Seu construtivismo lúdico permite que o manejo desses “objetos de cor” se
alinhem com a perspectiva de jogo. O Jocus do prazer, do entretenimento,
do sutil, com a delicadeza do compartilhar, sem alusão a um pódio que exija
a vitória ou o êxito. Sua proposta sempre foi agregar, brincar, e menos
competir.
paiva brasil: lúdicos galeria patricia costa
Na obra clássica “Homo Ludens” [1] de 1938, Johan Huizinga, o grande
historiador holandês, ressalta a natureza e o significado do jogo como
fenômeno cultural, algo que transcende o conceito de civilização. Para ele o
jogo além de estar relacionado às formas lúdicas da arte, está repleto de ritmo
e harmonia, algo que considera como dons de percepção estética. Em
Huizinga os laços que unem o jogo e a beleza são inequívocos e íntimos, pois
para ele as palavras utilizadas para o jogo são as mesmas que descrevemos
como os efeitos da beleza.
Já para o poeta e filósofo Friedrich Schiller, em suas Cartas Sobre a Educação
Estética do Homem, é através da atividade lúdica, do jogo, que o ser humano
alcança a liberdade, desenvolve sua criatividade, sociabilidade e sensibilidade.
É no impulso lúdico, que se estruturam os impulsos sensível e formal. A
maximização da razão, ao lado da emoção, necessita da mediação do
elemento lúdico como forma de transformação da vida. Cabe ao artista, e a
arte produzida por este, segundo ele, a tarefa de reverter o destino da
humanidade na direção de um progresso que pode ser reducionista e limitador.
Somente o artista do belo é capaz, ainda que extraindo matéria do presente, de
se apropriar de “um tempo mais nobre, e mesmo para além de todos os
tempos, da unidade absoluta de seu ser”.
Nos últimos três anos, Paiva produziu isolado em seu ateliê. Em decorrência da
crise sanitária limitou sua ação aos materiais e objetos que dispunha, sem que
isso representasse uma intimidação ou restrição ao seu espírito criativo.
Combateu o desalento que nos cercava com obra potente e convidativa ao
prazer. Pintou e produziu com alegria, novamente brincou e jogou com os
elementos que sempre dominou. Não queria explicar, mas realizar o que lhe era
inescapável: a arte e uma existência plena de beleza.

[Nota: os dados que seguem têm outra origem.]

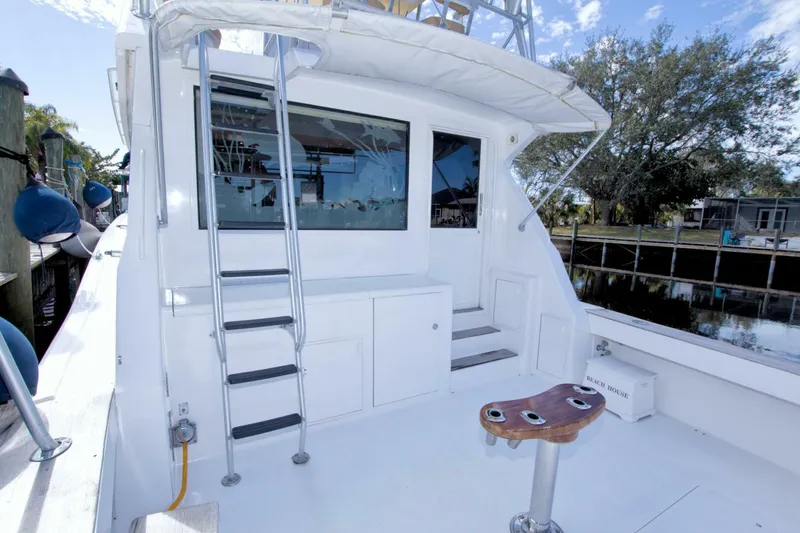 Slide: The Image of Viking 53 Convertible 1990 - 26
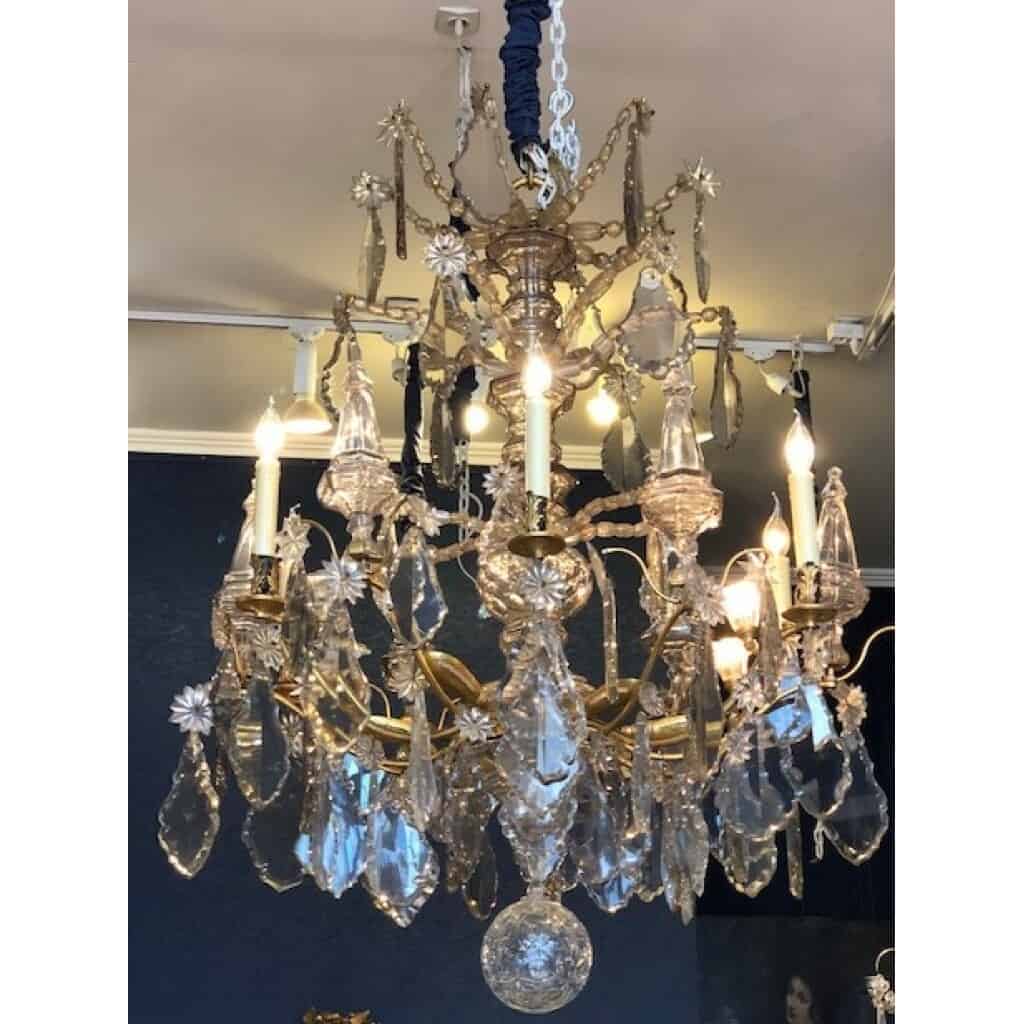 Grand lustre de style Louis XV. 3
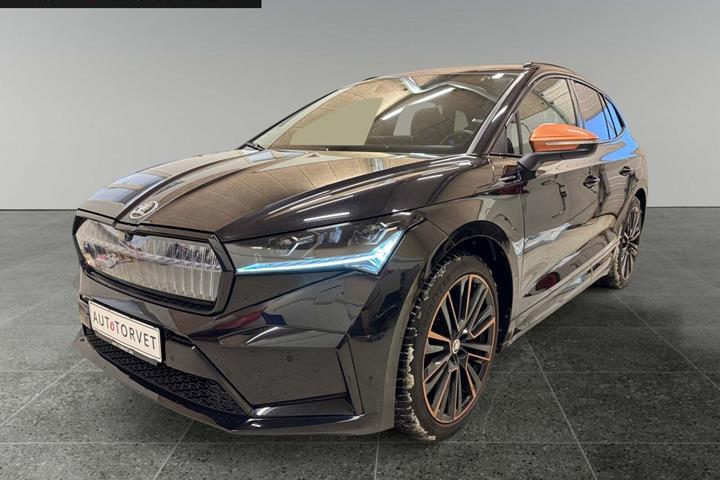 Sort Skoda Enyaq fra 2022 set udefra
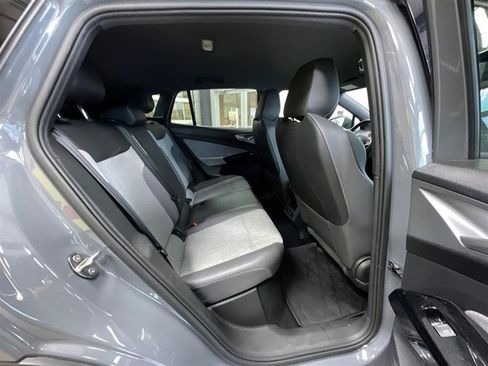 Used 2023 Volkswagen ID.4 Pro AWD/4WD image 25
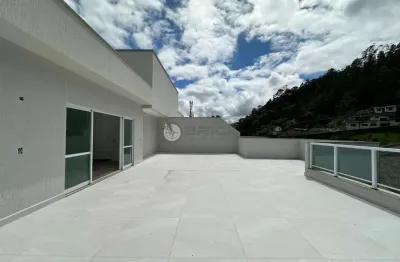Cobertura linear com 2 suítes, 120 m² na pimenteiras - teresópolis/rj.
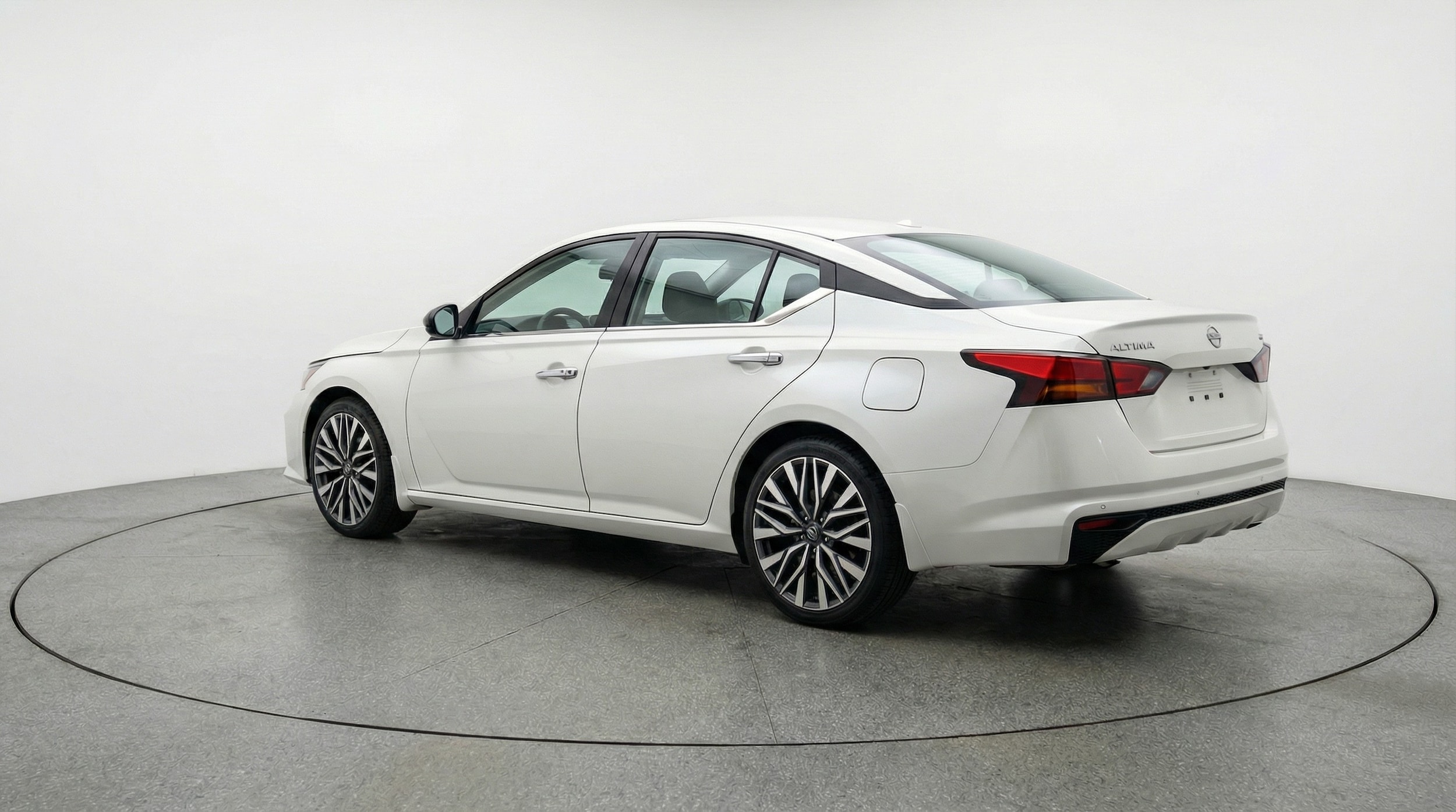 Thumbnail: 2025 Nissan Altima - 5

Esta última série de Tangentes nos aponta para uma infinidade de questões.
Talvez, quem sabe, aquilo que o romântico alemão Schiller almejasse como
uma educação estética. Paiva não pintou o óbvio. Produziu para que
pudéssemos refletir, provocando nossos sentidos e sensações.
Fica aqui mais uma vez a admiração e o elogio a um homem que soube
explorar e brincar talentosamente com as formas, mas que nunca esqueceu
que a essência de tudo é a humanidade e a alegria de viver.
——
[1] Em 2005 Paiva Brasil participou de uma grande coletiva no Itaú Cultural – SP denominada
Homo Ludens-Do Faz-de-Conta a Vertigem ao lado de vários artistas de sua geração.